BEGIN Entries provided

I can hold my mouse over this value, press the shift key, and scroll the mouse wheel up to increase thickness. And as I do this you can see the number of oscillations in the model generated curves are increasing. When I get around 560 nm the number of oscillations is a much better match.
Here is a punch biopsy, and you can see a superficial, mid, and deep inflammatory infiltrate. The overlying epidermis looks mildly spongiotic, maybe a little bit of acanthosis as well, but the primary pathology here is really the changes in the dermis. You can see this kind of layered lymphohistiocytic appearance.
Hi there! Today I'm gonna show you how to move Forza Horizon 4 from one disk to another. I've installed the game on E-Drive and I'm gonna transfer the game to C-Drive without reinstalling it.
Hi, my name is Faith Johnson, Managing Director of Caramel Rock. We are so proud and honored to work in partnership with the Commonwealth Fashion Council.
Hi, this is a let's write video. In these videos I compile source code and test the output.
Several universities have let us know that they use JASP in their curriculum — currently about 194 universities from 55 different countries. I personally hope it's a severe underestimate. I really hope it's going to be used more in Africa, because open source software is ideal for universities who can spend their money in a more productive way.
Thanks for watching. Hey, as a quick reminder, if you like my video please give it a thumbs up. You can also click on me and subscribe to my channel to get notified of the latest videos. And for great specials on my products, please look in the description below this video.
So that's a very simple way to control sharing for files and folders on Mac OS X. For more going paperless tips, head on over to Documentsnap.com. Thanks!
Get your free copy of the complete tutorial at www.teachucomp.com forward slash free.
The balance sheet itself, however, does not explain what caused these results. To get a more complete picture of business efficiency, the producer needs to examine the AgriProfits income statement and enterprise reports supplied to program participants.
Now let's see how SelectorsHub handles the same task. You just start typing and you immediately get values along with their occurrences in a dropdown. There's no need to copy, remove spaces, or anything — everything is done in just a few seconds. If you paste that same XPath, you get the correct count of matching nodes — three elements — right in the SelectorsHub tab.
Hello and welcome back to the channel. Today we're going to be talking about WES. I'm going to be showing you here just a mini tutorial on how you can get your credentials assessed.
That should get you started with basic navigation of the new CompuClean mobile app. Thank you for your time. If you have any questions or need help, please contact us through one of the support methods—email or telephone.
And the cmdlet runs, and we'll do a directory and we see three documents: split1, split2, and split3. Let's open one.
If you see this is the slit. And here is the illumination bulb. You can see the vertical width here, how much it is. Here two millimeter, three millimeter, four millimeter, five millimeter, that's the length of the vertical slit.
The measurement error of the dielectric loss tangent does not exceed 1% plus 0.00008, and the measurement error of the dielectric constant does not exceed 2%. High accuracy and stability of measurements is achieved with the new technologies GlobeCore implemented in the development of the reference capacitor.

END Entries provided

Take the lines above from the one containing "Hi, my name" to the one containing "The balance sheet" and retype them exactly, both ends included, with nothing added.

- Output for this task
Hi, my name is Faith Johnson, Managing Director of Caramel Rock. We are so proud and honored to work in partnership with the Commonwealth Fashion Council.
Hi, this is a let's write video. In these videos I compile source code and test the output.
Several universities have let us know that they use JASP in their curriculum — currently about 194 universities from 55 different countries. I personally hope it's a severe underestimate. I really hope it's going to be used more in Africa, because open source software is ideal for universities who can spend their money in a more productive way.
Thanks for watching. Hey, as a quick reminder, if you like my video please give it a thumbs up. You can also click on me and subscribe to my channel to get notified of the latest videos. And for great specials on my products, please look in the description below this video.
So that's a very simple way to control sharing for files and folders on Mac OS X. For more going paperless tips, head on over to Documentsnap.com. Thanks!
Get your free copy of the complete tutorial at www.teachucomp.com forward slash free.
The balance sheet itself, however, does not explain what caused these results. To get a more complete picture of business efficiency, the producer needs to examine the AgriProfits income statement and enterprise reports supplied to program participants.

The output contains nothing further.